Bell ringing Holy Resurrection Orthodox Church is done by members of the laity. The Church invited individuals and families to participate in this important work.
Bells are a distinctive part of Orthodox Christian divine services. Bells are used for a number of purposes throughout the liturgical cycle, such as a summons for the faithful to divine services and as an announcement to those not present in church of specific moments in the services.
In the early centuries of Christianity, the Church was often persecuted and did not have the opportunity to openly call the faithful to services. The faithful were notified of times of services by personal contact or by the presiding clergy at the end of the services. After the persecutions ceased, various means of announcing services arose, but the pealing of bells appeared to become the preferred method. While bells are known from antiquity, the first use of bells in a Christian context was in western Europe. Tradition, although probably inaccurate, ascribes the invention of bells in the late fourth century to St. Paulinus, the bishop of Nola in Campania, Italy. However, there is no record in Europe of the use of bells religiously until the early seventh century. Bells came into use in the eastern Greek Church in 865 when the Doge of Venice gave twelve large bells to Emperor Michael. These bells were hung in a tower near Hagia Sophia Cathedral.
Bells were introduced in Russia almost simultaneously with the Baptism of the Rus in 988, coming to the eastern Slavs through western Europe. These bells were generally small and used in small sets of only two or three bells. By the fourteenth century, however, bell foundries had come into existence that produced very large bells. Large bells in Russia weighed up to 144,000 pounds. The largest bell then cast is the Tsar Bell which stands at the base of the bell tower of Ivan III Vasilevich (Ivan the Great) in the Moscow Kremlin. This bell weighs 288,000 pounds, but was never used, because it cracked in a fire when the scaffolding used to hang the bell burned.
Operation of bells in eastern Europe differed from that in the West. In the East the dapper strikes against a stationary bell. In the West the whole bell is swung while the clapper is stationary.
During Orthodox church services, bells are used at specific times. Bell ringing is used to announce and summon the faithful to divine services, to express the joy of the divine services of the Church, and for those not present at the services to announce the times of important moments in the services. Often the tolling of a bell is used to announce the death of important church and civil personalities.

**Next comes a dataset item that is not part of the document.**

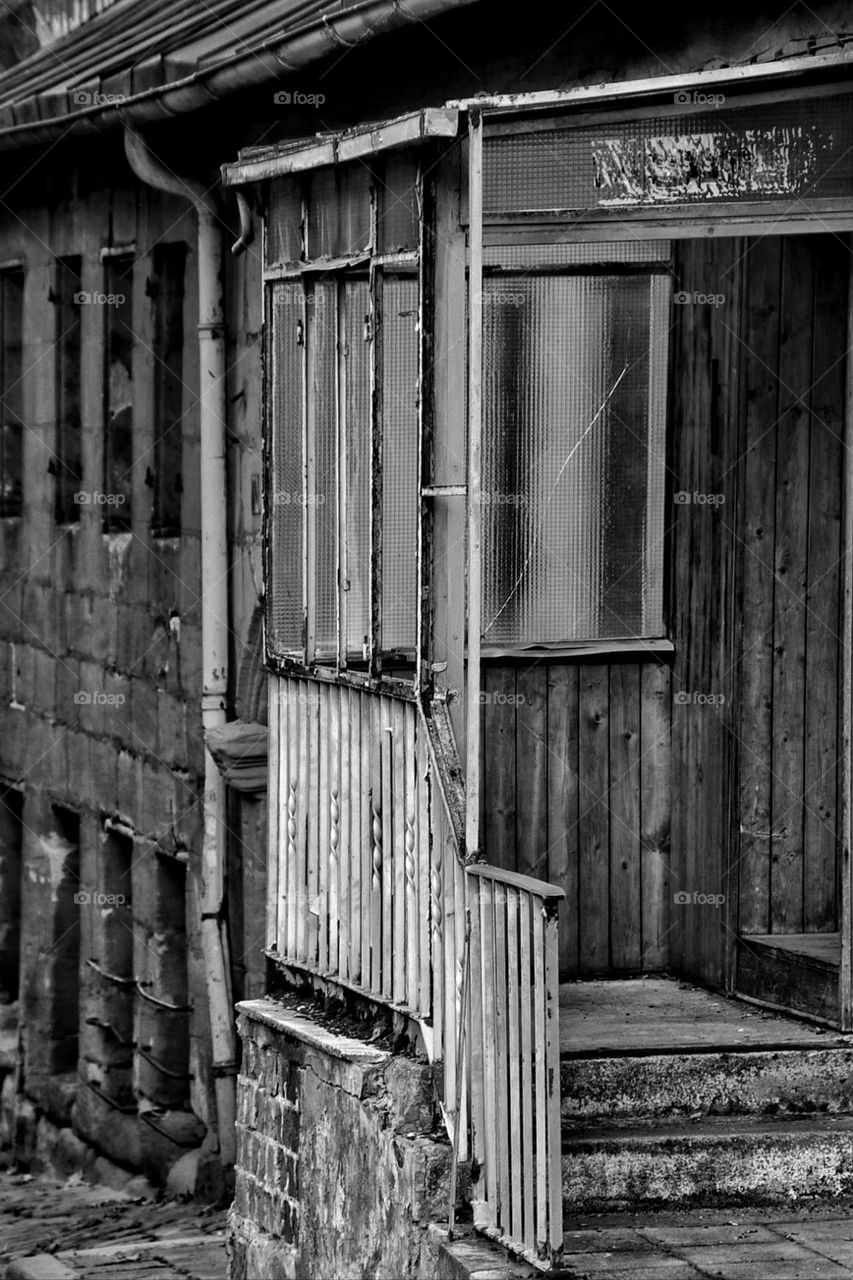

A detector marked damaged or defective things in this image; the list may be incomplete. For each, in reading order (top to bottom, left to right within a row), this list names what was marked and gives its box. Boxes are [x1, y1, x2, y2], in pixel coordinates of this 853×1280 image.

In settings not pertaining to church services, bells are used to signal special occasions and announce assembly of faithful and citizens. In monastic settings bells may be used each day to awaken the monks and signal the daily routine of monasteries. Also, ringing of bells had been used often to alert inhabitants of towns and cities of approaching armies and attackers. A storied example of such a use is the large bell at St Sophia Cathedral in Novgorod, Russia, that was used to warn of the approach of Ivan the Terrible's army to the city. Angry at its use, the tyrant had the bell punished by having one of the ears, used to hang the bell, cut off so that it could no longer be hung and rung.
The Ushers of Holy Resurrection Orthodox Church greet people as they arrive at church. They also welcome visitors, provide assistance, care for the proskinitaria (candle areas), and administer the collection of offerings. These faithful ushers perform a valuable service for our church.